O papel da liderança na prevenção do greenwashing

 

*Por Luís Fernando Guedes


Uma empresa somente justifica sua existência na medida em que atenda, de forma eficiente, um ou mais anseios socais. Decorre daí que mudanças na dinâmica da sociedade, sejam no campo da ética, de ordem sanitária ou mesmo cultural, demandam resposta rápida e visível por parte das empresas. Tornam-se competitivas aquelas que melhor e mais rapidamente respondem ao público que servem ou, melhor ainda, aquelas que se antecipam às demandas que ainda são incipientes. Admiramos aquelas que são vetores do avanço social na direção daquilo que queremos ver mais: equidade social, integração com o meio-ambiente, promoção da diversidade e geração de riqueza compartilhada.

Assim, percebo que uma mudança estratégica de grandes proporções na gestão dos negócios está em curso. O público exige de modo crescente que as empresas tenham compromisso sincero e duradouro com pautas sociais e ambientalmente sustentáveis.
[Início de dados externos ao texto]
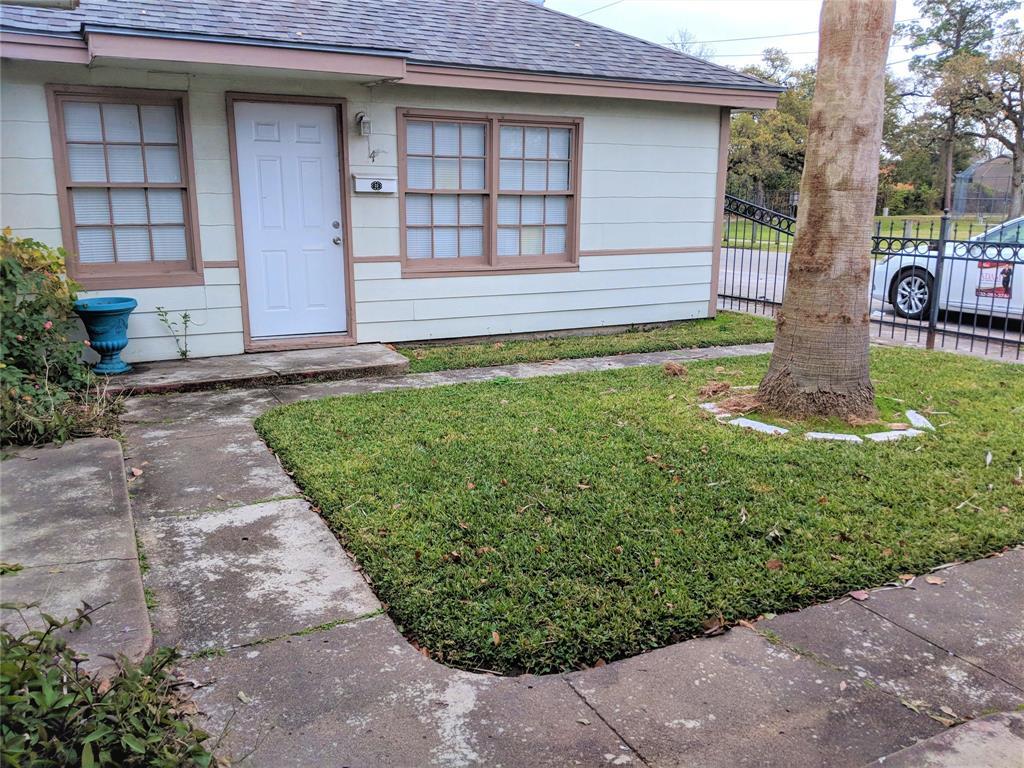 Foto principal - 909 W 13th St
Os governos, o nosso e quase todos, não têm capacidade por si só de conduzir essa agenda. Cabe às organizações em geral, e às grandes em particular, liderar os esforços, dar o exemplo e se apropriar dessa agenda. Aquelas que não entenderem seu novo papel correm o risco de se tornarem irrelevantes, o que de pior pode acontecer para um negócio.

Governos da União Europeia, dos EUA e da China, além de organismos multilaterais, estão batendo o bumbo regulatório em favor da descarbonização já há tempos e os ecos chegaram ao nível executivo das organizações, tanto por meio da voz ainda parcialmente difusa da sociedade, quanto de forma mais estruturada, vinda do Conselho de Administração.

O ritmo da mudança que se espera exige revisão das políticas e medidas práticas na busca por encontrar um novo caminho para geração de valor – mesmo que implique em perdas no curto prazo. Nesse momento em que fazer é absolutamente necessário, passa a ser estratégico encontrar formas eficientes de comunicar o progresso na arena socioambiental. E aí mora um perigo...

Em termos estritos, pode-se entender greenwashing como um desalinhamento, intencional ou não, entre a comunicação acerca do progresso em ações socioambientais e as evidências auditáveis desse progresso. Somam-se a esse conceito as promessas vazias e as expressões ambíguas, tais como ‘amigos da terra’ ou ‘sustentáveis’ e ainda o uso indevido de compensações ambientais.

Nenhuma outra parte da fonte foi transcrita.